Depuis l'échec de cette tentative,
la laïcité reste en tension entre conciliation et affrontement. Que
penserait Jules Simon d'un projet autoritaire d'interdiction du
foulard islamique à l'Université ? Il y verrait sans doute la
conséquence logique de son échec, mais peut-être aurait-il la
finesse de ne pas mettre dans le même sac ses anciens adversaires
républicains, et suivrait-il avec intérêt l'actuel débat sur
cette question, qui oppose les tenants de la ligne Combes et ceux de
la ligne Ferry, les autoritaires et les libéraux.
Devant le collège,
sur la grille, une plaque d'hommage à Jules Simon posé par
l'association bretonne-angevine. Le terme m'intrigue – j'apprendrai
plus tard qu'il s'agit d'une association républicaine et
libre-penseuse, qui se réclame de l'héritage de la fédération
bretonne-angevine de 1790. Le grand mouvement qui a culminé au 14
juillet 1790 dans la Fête de la Fédération, sur le Champ-de-Mars,
est en effet parti des provinces. C'est au républicain Jules Simon qu'on rend
ici hommage.
Vannes, ville bleue
en pays blanc, comme tant d'autres dans l'Ouest. S'y juxtaposent
références républicaines et héritage de la chouannerie. Les deux
France s'entremêlent ici. Face au rempart, dans un parc au centre
duquel se trouve le monument aux morts de 1914-1918, et où les combattants des guerres et expéditions françaises sont honorés, sur un vieux
mur, une plaque : ici ont été fusillés les prisonniers de
l'infortuné débarquement de Quiberon, sorte de baroud d'honneur de
l'émigration. On voit encore, dans la vieille ville, la maison où
fut arrêté le prêtre réfractaire Pierre-René Rogue, jugé et
exécuté en 1796.
Il est tôt encore,
les touristes sont rares dans les quartiers anciens comme autour des
remparts. Les camionnettes qui ravitaillent les boutiques se vident,
les employés s'acheminent vers leurs bureaux, les petits cafés se
prennent en terrasse. Qui parmi ces gens est croyant, qui ne l'est
pas ? Qui vote à droite, à gauche, au centre ? Cela ne se
voit guère aujourd'hui ; nos désaccords peuvent être
spectaculaires, ils ne sont plus des déchirements, et la « majorité
silencieuse » est finalement peu touchée par leurs prolongements
dans les France militantes. Mon petit bonhomme qui s'accorde un
supplément de sommeil, que verras-tu sortir de cette France apaisée
et peut-être un peu ensommeillée elle-même ?
Il reste pourtant
bien des fractures à réparer. Près des remparts, une plaque
rappelle que c'est à Vannes que fut scellée l'union de la Bretagne
et de la France. Elle est bilingue, en breton et en français.

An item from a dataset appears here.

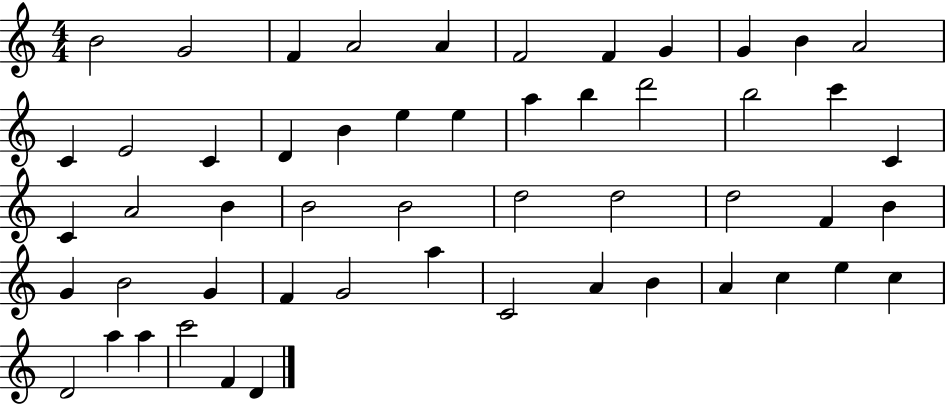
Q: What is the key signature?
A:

J'entends déjà mes amis souverainistes... À Rennes, en 1932, un
groupe autonomiste pulvérisa le monument qui rappelait l'événement
et représentait Anne de Bretagne à genoux devant François Ier. Je
m'arrête devant cette plaque bilingue. Elle est peut-être une
solution. Depuis trente ans (eh oui) que je m'intéresse à la
politique, après quelques années d'initiation radicale et
d'incursion dans les constellations révolutionnaire et
conservatrice, je n'ai rien trouvé de mieux que la perspective
d'associer la nation, l'Europe et la région. C'est autour de cela
que nous tournons, même si c'est souvent de manière peu claire.
La lumière
réchauffe Vannes, le silence des morts se fait moins présent dans
la ville qui s'anime. Nous rentrons.
2 commentaires:
Cher Jérôme,
Référence intéressante à la dimension déiste des convictions politiques de Jules Simon... Merci! Cet aspect, que vous entrelacez ensuite avec l'Europe, la nation, la région, m'amène à une première question : Quelle a été votre position par rapport à l'inscription des racines chrétiennes de l'Europe dans le projet de Constitution ? Et à une deuxième : vous évoquez ce lien intéressant entre région, nation et Europe, mais sans nous en dire plus... quel forme pourrait-il bien prendre ? Ne faudra-t-il pas sacrifier les prérogatives des uns ou des autres ?
En fait sur le plan historique cela ne me choquait pas. J'étais perplexe au moment du débat mais prudent car je trouvais inutile de choquer les uns ou les autres dans un préambule.
Pour la seconde question je crois qu'il faut un peu de jeu. Mais je suis très loin du fédéralisme différencié d'EELV.